Now, the Facebook group has more than a thousand members, with half of that number joining in just the last month. Interesting enough, about 80 person of the members are women with the average age range being in the 40s.
In the past few months, O’Brien and her group dedicated their time to advocacy, awareness, and education. Most recently, they partnered with doctors at the Bateman Horne Center, worked with doctors at Intermountain who went on to teach general practitioners about the symptoms they’re experiencing and presented to more than 100 doctors at the University of Utah’s Project Echo webinar.
“One of the things that we don’t know is what are the causes of these illnesses? Are they from the virus itself? Are they from the immune system’s response to the virus?” said Jeanette Brown, Assistant Professor for the Department of Internal Medicine for the University of Utah Health. “We have not found a commonality. We’ve seen these symptoms in all age groups. It’s surprising that many of these patients had what we consider relatively mild initial symptoms.”
She went on to say, “One of the things we’re looking forward to doing is having a biorepository, which is basically a collection of samples such as blood, sputum, or saliva to be able to go to when a researcher or doctor has an idea and shorten the amount of time it takes to do the investigation to get better answers.”
O’Brien’s group is now partnering with the University of Utah to raise money for research on COVID-19 long haulers. As of Tuesday, they’ve reached more than $4,300 out of their $10,000 goal.
“You may say why don’t we do it ourselves? We’re pretty well-funded to look at the acute condition of COVID-19. But what we do need right now is the pilot data. You almost need data to get more data. At this point, we’re at such an infancy that we really need the help of people like Tanner and Lisa, folks in the audience who have these symptoms to be able to provide a registry to understand what their symptoms are,” said John Inadomi, Chair for the Department of Internal Medicine at the University of Utah Health.

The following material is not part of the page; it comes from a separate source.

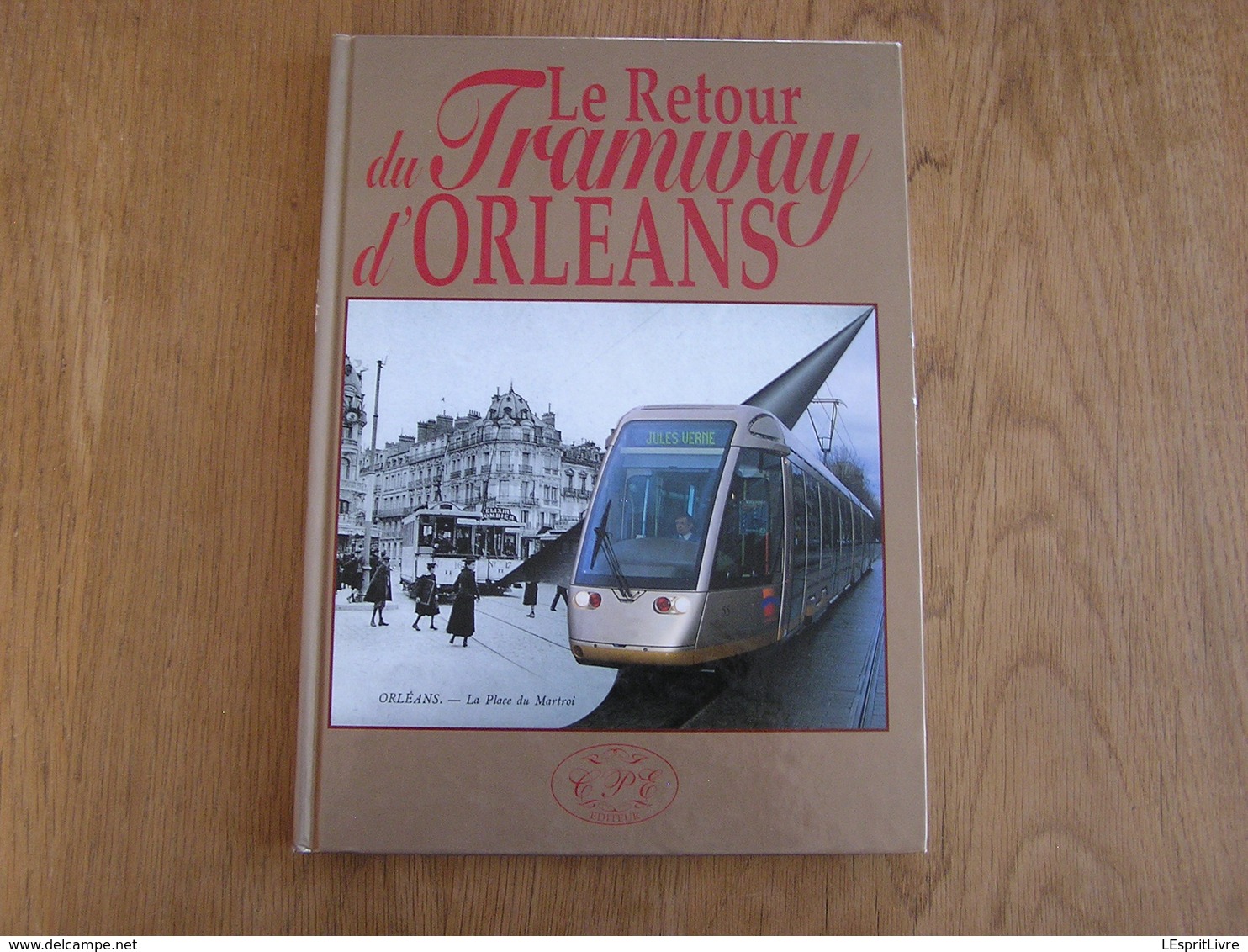 LE RETOUR DU TRAMWAY D' ORLEANS 1877 2000 Chemins De Fer Tramways Tram Hippomobile Ligne T R E C Trams Matériel - Chemin De Fer & Tramway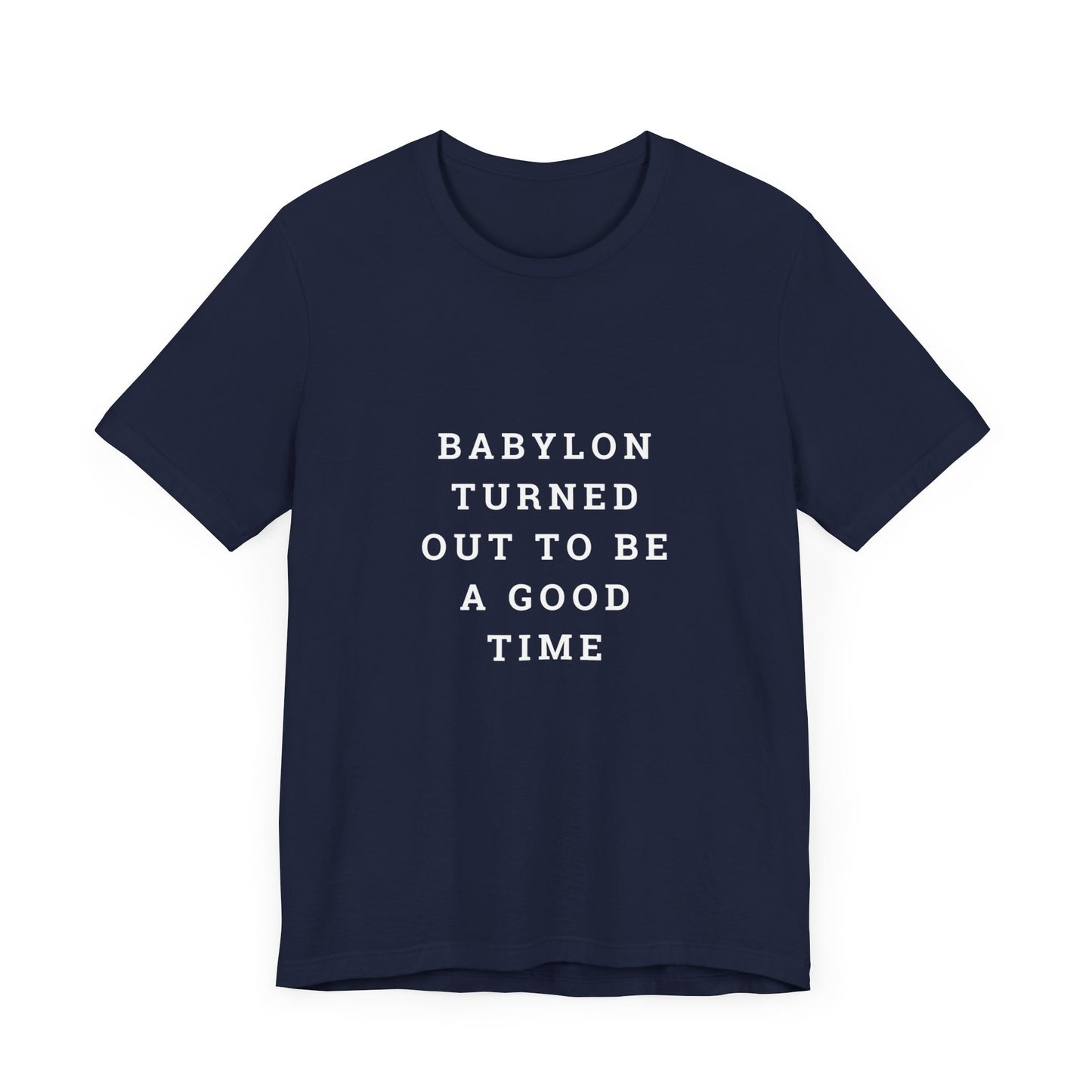 Babylon Turned Out to Be a Good Time Unisex Jersey Short Sleeve Tee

He added, “By getting some of this data early and let’s say getting some tissue or blood to be able to understand what’s going on biologically, that would really help us. Using that data, we can go to much bigger institutions to get more permanent funding for our research.”
Brown said they are in the preliminary phases of putting together a post-COVID clinic to follow patients, both for treatment and provide them access to the latest research and treatment.
Inadomi emphasized that COVID-19 is a serious illness and can impact patients on a multitude of life-changing levels.
“COVID-19 is deadly. If it isn’t deadly, you can see now the long-term consequences for people who survive. It’s highly preventable. What you do protects others. What others do protect you. Mask up, Utah. Make sure you socially connect but physically distance. You got to wash your hands and make sure that you take care of yourselves and the people around you,” he said.